Parole in gabbia
Nel suo romanzo 1984, George Orwell parla di newspeak, una neolingua progettata dallo Stato totalitario (immaginario) di Oceania per plasmare i pensieri e limitare la libertà di espressione, espungendo le parole che possono rappresentare una minaccia per il regime (libertà, rivoluzione, critica e tante altre). I pensieri ribelli diventano «psicoreati». I «buonpensanti» sono invece coloro che pensano in modo totalmente approvato dal regime, mentre le «nonpersone» sono quelle che hanno trasgredito le regole della neolingua e perciò vengono cancellate dalla memoria dello Stato e del Partito, come se non fossero mai esistite.

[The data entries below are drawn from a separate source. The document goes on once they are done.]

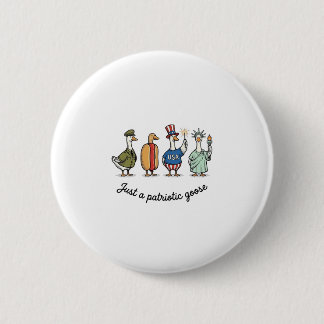 Patriotische Gans Vintage Gravur Lustiges USA-Shir Button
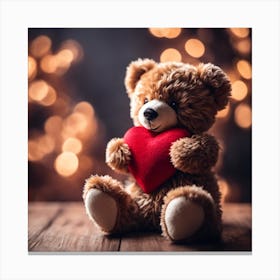 Teddy Bear With Heart Canvas Print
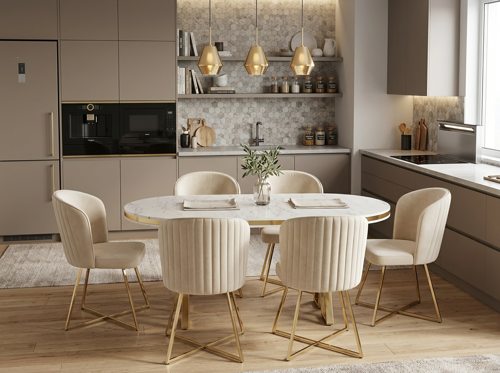 Mutfak Yemek Masa Sandalye Takımı Lüx Quality 90x170 MDF LAKPANEL (1MASA-6SANDALYE)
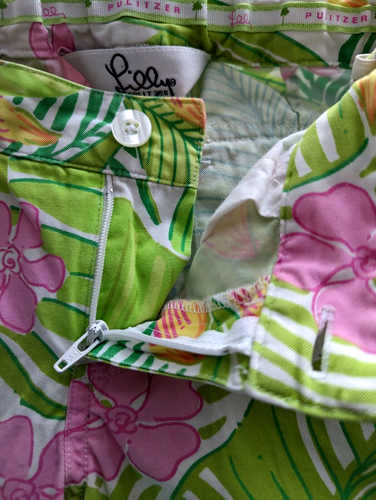 Vintage Lilly Pulitzer Pants Girls 10 Tropical Gingham Hem Floral Resort Aloha - Picture 8 of 11
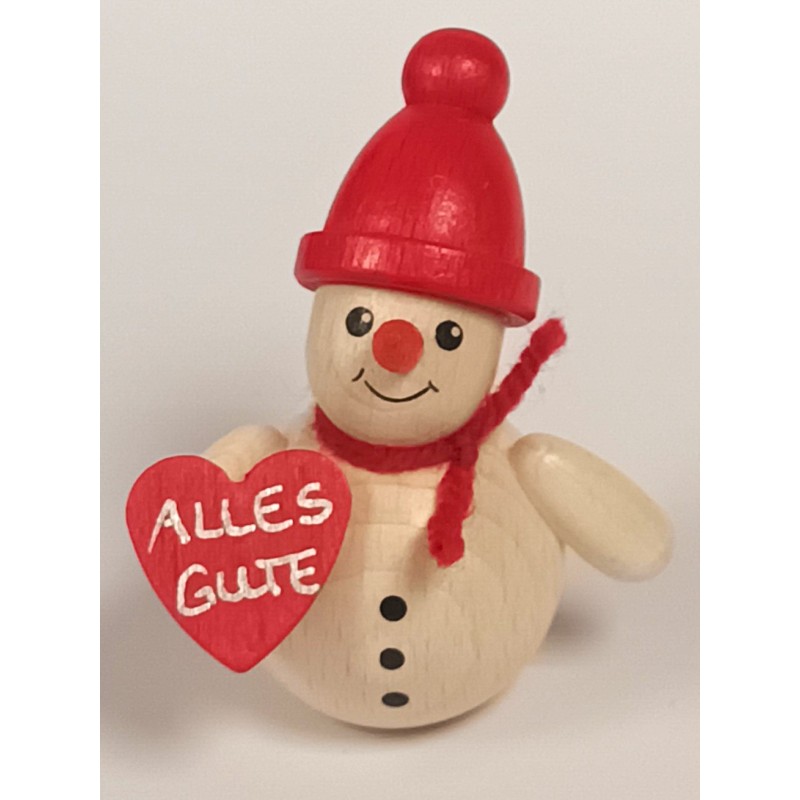 Schneemann mit Herz und rote Mütze Holzwaren Egermann 349 rote Mütze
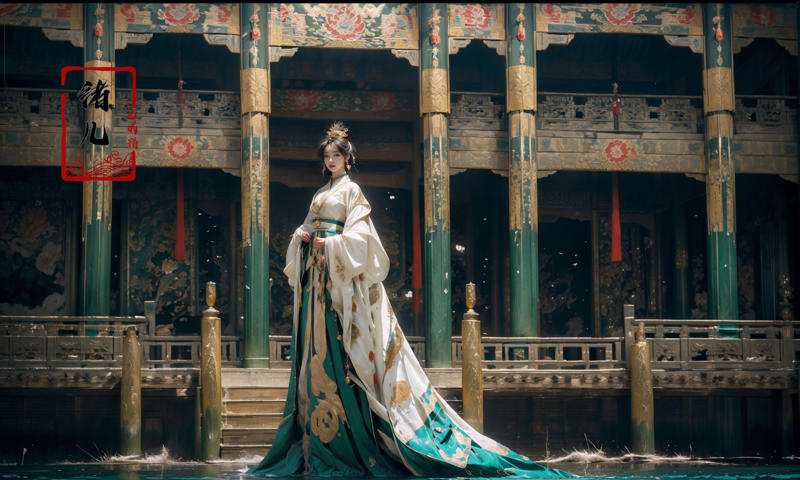 606247209521969373-1467802235-Dark and majestic Chinese palace background at night, waves and swirls of emerald color, a beautiful girl standing in the palace.jpg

Oggi assistiamo a un’accelerazione della diffusione del vocabolario informatico nella lingua quotidiana, che rischia di trasformarla in una «neolingua» più oppressiva che liberante.

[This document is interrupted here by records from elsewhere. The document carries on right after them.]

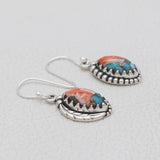925 Silver Spiny Oyster Turquoise Earrings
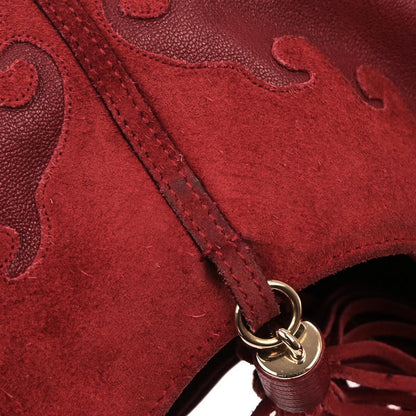 Yves Saint Laurent Red Calfskin Tassel Hobo Handbag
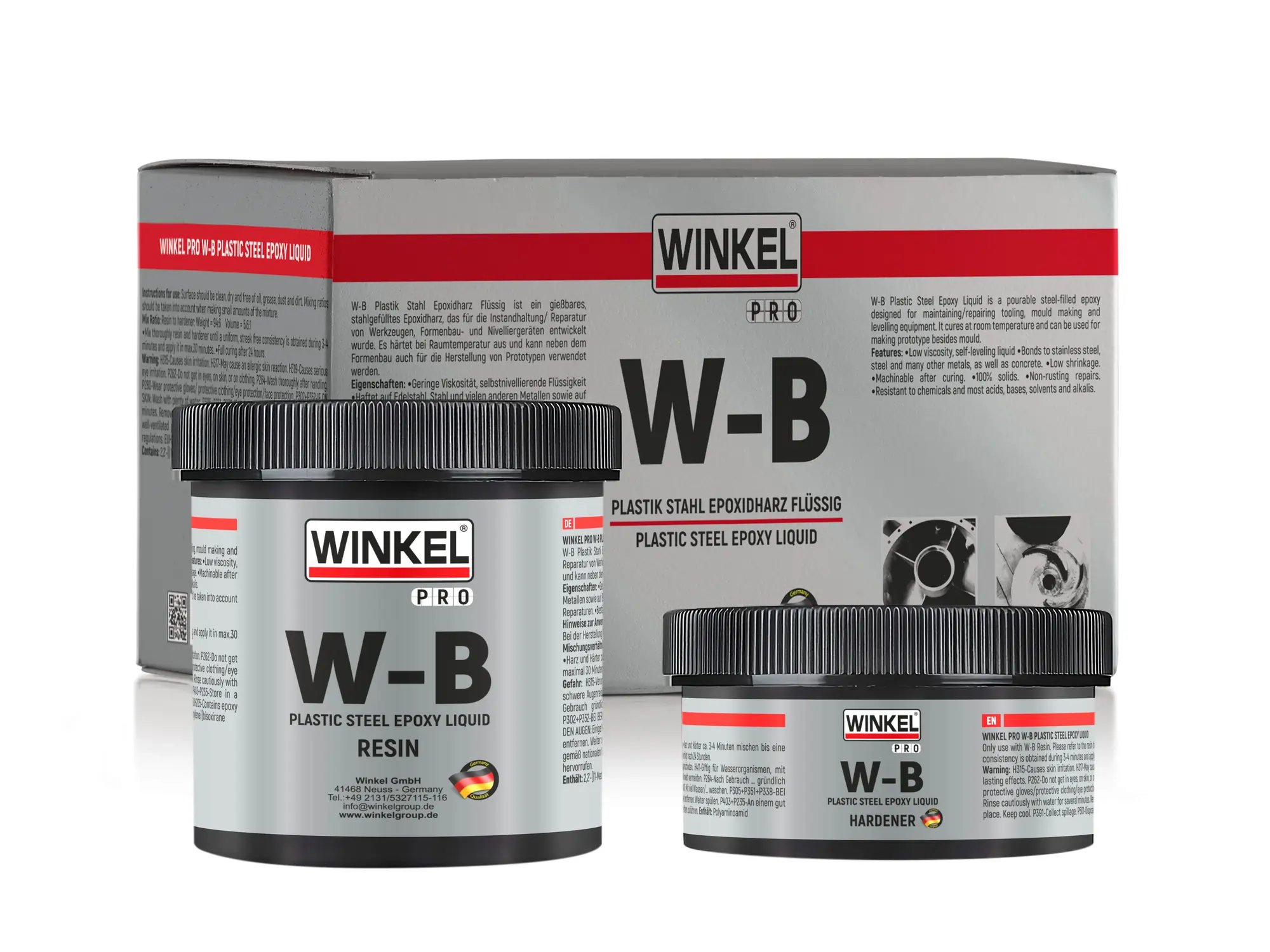 WINKEL PRO W-B Çelik Epoksi Sıvı - 500 GR (ÇELİK GRİ)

Due esempi per riflettere. Il trionfo dei codici, che si manifesta nella moltiplicazione degli acronimi ai limiti dell’afasia (da Adhd per indicare i deficit di attenzione a Lgbtq+ per indicare la varietà di orientamenti sessuali e identità di genere che non si riconoscono nelle tradizionali forme del rapporto uomo/donna); l’uso massiccio di etichette, che ci «profilano» e creano gusci identitari rigidi e incapaci di cogliere le singolarità (boomers, migranti, bipolari, transgender, binari/non binari, ecc.). «I confini della mia lingua sono i confini del mio mondo», scriveva il filosofo del linguaggio Ludwig Wittgenstein. Cerchiamo di non renderli troppo angusti.